Hybrid Market Sizing: Tapping into both New and Existing Markets


Defining market opportunity is a common yet sometimes complicated exercise when a company is exploring a growth strategy. Larry Cheng, Managing Director at Volition Capital, covered the topic of examining market size when it comes to a prospective investment. Aside from a great perspective, the blog post ends by briefly exploring companies that are looking to gain market share in both existing and new types of markets. This post expands on that idea, with examples and thoughts on how entrepreneurs and even venture capitalists can examine both in an integrated way.

Before we get down too far into this market sizing rabbit hole, let’s quickly define what this hybrid market sizing efforts consists of. And for consistency’s sake, this post will reference Larry Cheng’s definitions:

Existing market: where companies target customers who already are spending money buying exact or similar products and services. Examples include Care.com, Chewy.com & Square.

New market: where companies target customers who are purchasing/ consuming an entirely new product or service. Examples include SpaceX and Twitter.

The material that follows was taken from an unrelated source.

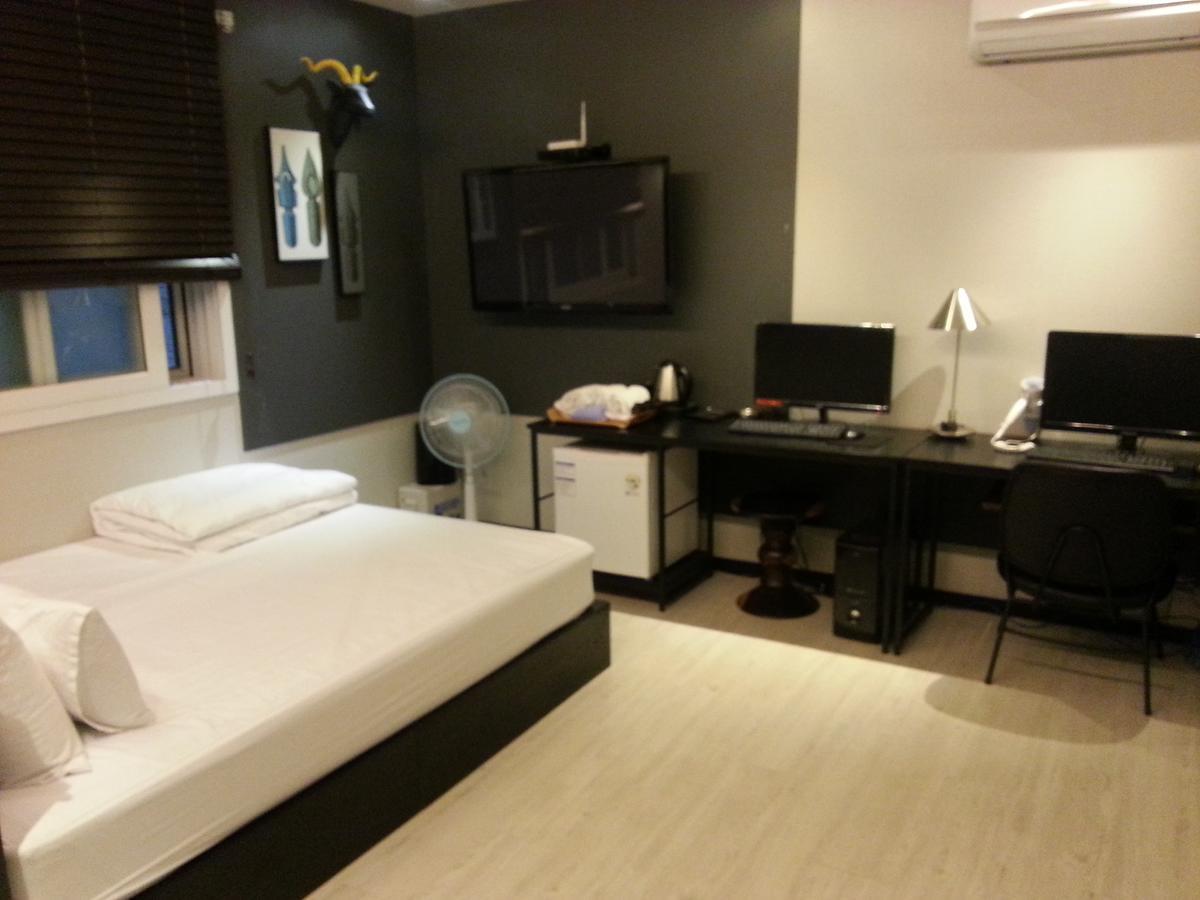 Hi Design Hotel ปูซาน ภายนอก รูปภาพ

Hybrid market: where companies look to disrupt both existing markets and then leverage their momentum to enter adjacent markets that aren’t as clearly defined. Example includes global technology platform, Uber.

The hybrid market is the most interesting and complex to explore. Quantifying a new market, potential interest, adoption and qualifying metrics is almost as much of an art as it as a science. For example, let’s consider Snapchat.

The ephemeral photo sharing app isn’t the first of its kind (general photo sharing app) so it goes into the “existing market” category, right? The argument can be made that the company is taking an existing market size, smartphone owners that share photos, and segmenting into a particular demographic based on a one tiny but significant feature- it’s ephemeral.

Looking further into the Snapchat ecosystem, adjacent business model such as Snapchat Discover begin to tackle an evolving way to deliver two overlapping forms of content to a younger demographic: media & advertising. The Snapchat team can’t turn around to investors and simply slap an advertising bottom line that the company can tap into. Yes, it can be a baseline, but the story must be much more in-depth as it will be working with brands to pave a new line of communication with Snapchat users. A much more difficult and potentially highly rewarding task.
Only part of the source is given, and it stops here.